### Material supplied

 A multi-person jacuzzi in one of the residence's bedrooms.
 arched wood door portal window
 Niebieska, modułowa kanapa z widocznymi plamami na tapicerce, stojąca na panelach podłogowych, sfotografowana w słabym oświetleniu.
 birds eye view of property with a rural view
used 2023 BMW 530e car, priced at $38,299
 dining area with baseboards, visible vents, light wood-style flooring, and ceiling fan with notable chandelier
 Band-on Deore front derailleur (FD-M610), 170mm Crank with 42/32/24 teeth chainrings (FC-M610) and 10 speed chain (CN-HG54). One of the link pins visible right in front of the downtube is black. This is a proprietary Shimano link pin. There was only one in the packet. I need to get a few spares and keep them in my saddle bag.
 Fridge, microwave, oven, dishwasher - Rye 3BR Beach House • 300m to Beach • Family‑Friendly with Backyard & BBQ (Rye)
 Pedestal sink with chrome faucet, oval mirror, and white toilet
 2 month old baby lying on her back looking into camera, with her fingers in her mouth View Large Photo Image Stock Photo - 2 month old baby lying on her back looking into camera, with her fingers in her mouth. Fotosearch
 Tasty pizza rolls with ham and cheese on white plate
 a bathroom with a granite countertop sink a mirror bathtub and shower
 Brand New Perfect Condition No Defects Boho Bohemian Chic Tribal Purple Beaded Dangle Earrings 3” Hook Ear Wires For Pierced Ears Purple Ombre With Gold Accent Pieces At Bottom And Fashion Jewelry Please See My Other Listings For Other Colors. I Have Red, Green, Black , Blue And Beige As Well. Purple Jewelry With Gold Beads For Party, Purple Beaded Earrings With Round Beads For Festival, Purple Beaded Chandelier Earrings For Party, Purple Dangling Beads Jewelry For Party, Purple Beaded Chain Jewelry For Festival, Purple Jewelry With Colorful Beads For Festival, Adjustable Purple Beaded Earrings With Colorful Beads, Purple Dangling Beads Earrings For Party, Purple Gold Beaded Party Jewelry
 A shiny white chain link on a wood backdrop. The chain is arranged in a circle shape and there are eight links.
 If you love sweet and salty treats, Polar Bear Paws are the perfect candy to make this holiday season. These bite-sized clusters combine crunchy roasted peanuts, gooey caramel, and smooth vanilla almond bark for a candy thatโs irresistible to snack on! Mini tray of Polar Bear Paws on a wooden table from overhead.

######

Determine how many lines of the records hold the word "mirror", giving only that number.

## Output for this exercise
2